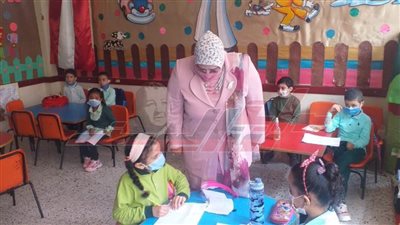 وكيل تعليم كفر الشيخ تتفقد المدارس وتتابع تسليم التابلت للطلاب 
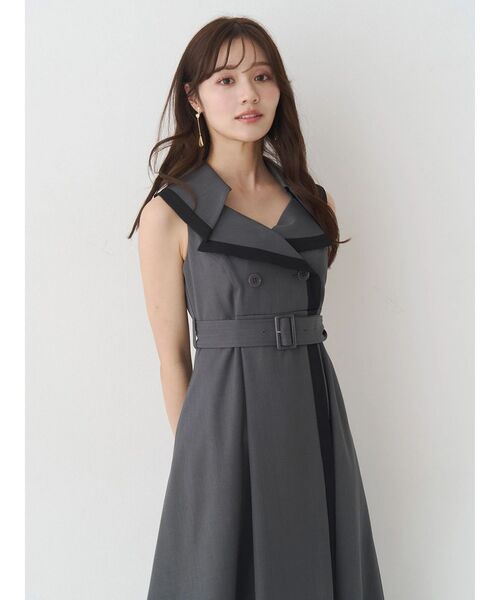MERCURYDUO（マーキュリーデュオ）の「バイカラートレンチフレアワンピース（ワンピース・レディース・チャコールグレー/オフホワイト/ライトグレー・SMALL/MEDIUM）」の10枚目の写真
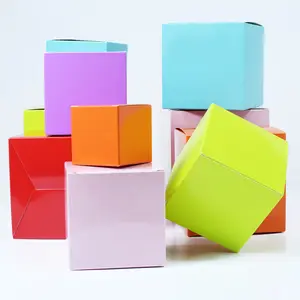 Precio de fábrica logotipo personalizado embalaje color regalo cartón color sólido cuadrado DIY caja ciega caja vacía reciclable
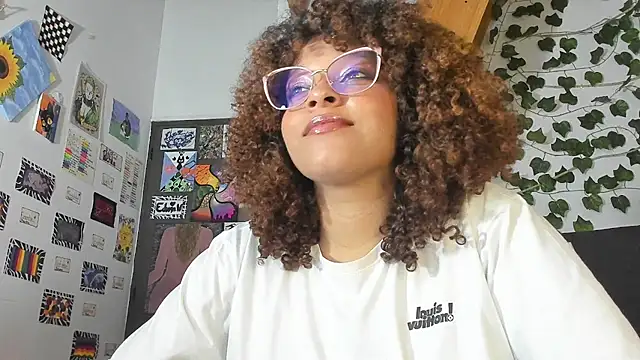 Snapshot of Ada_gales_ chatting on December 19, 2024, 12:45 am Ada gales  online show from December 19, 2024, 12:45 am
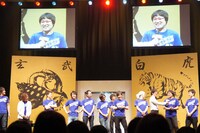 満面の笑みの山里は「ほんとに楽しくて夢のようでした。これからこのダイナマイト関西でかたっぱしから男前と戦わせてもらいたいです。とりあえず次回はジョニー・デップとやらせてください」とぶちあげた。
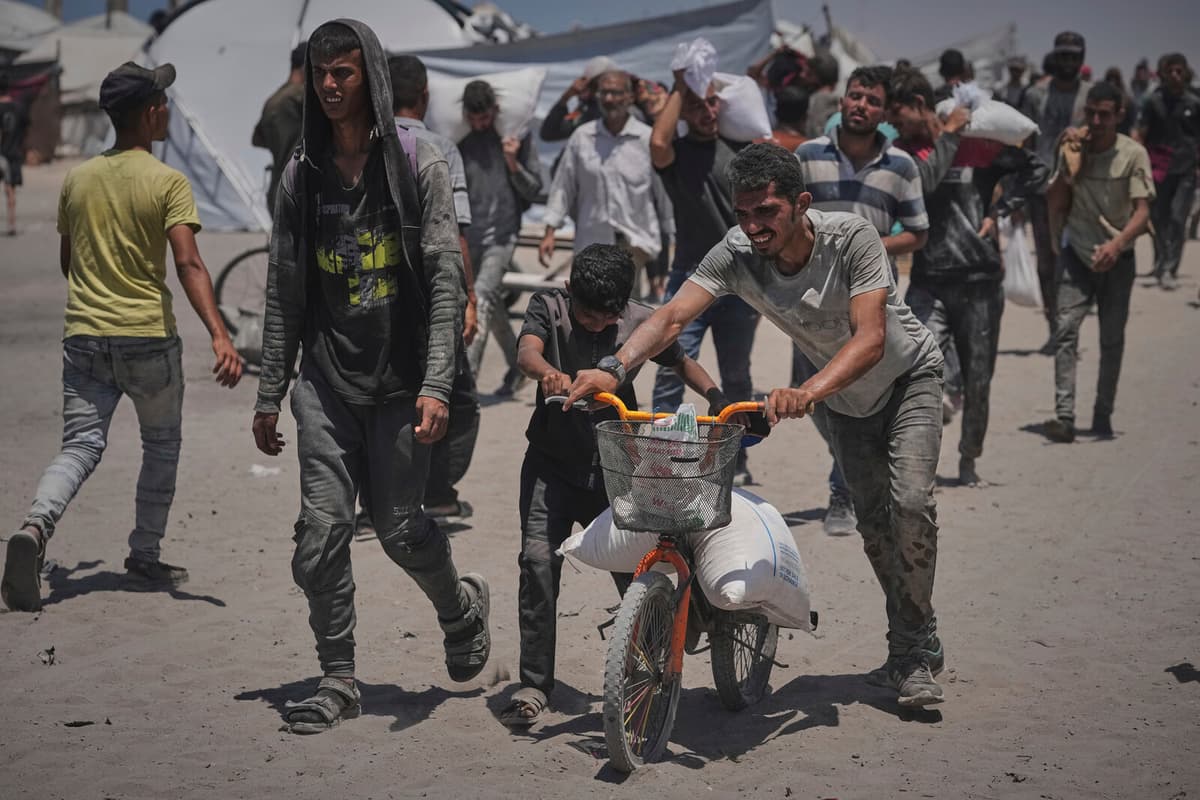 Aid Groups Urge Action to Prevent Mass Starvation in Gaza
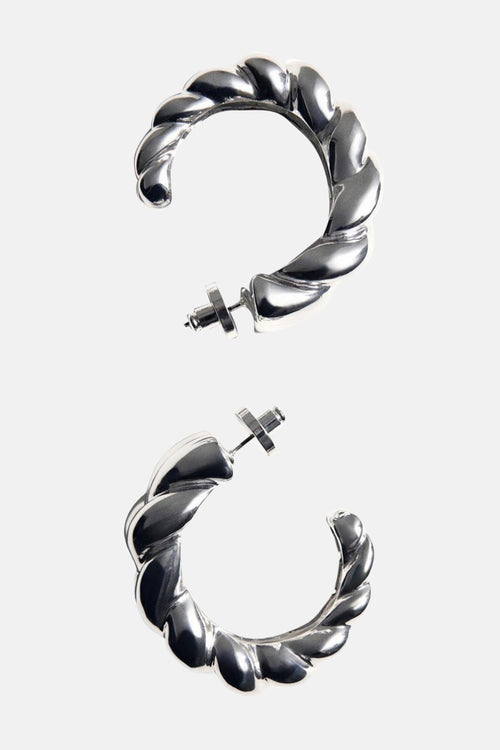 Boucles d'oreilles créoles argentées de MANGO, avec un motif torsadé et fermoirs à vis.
- - -
- _Activity_: The records above are to be quoted exactly, with all pictures left out.

- _Response box_:
 وكيل تعليم كفر الشيخ تتفقد المدارس وتتابع تسليم التابلت للطلاب 
MERCURYDUO（マーキュリーデュオ）の「バイカラートレンチフレアワンピース（ワンピース・レディース・チャコールグレー/オフホワイト/ライトグレー・SMALL/MEDIUM）」の10枚目の写真
 Precio de fábrica logotipo personalizado embalaje color regalo cartón color sólido cuadrado DIY caja ciega caja vacía reciclable
 Snapshot of Ada_gales_ chatting on December 19, 2024, 12:45 am Ada gales  online show from December 19, 2024, 12:45 am
 満面の笑みの山里は「ほんとに楽しくて夢のようでした。これからこのダイナマイト関西でかたっぱしから男前と戦わせてもらいたいです。とりあえず次回はジョニー・デップとやらせてください」とぶちあげた。
 Aid Groups Urge Action to Prevent Mass Starvation in Gaza
 Boucles d'oreilles créoles argentées de MANGO, avec un motif torsadé et fermoirs à vis.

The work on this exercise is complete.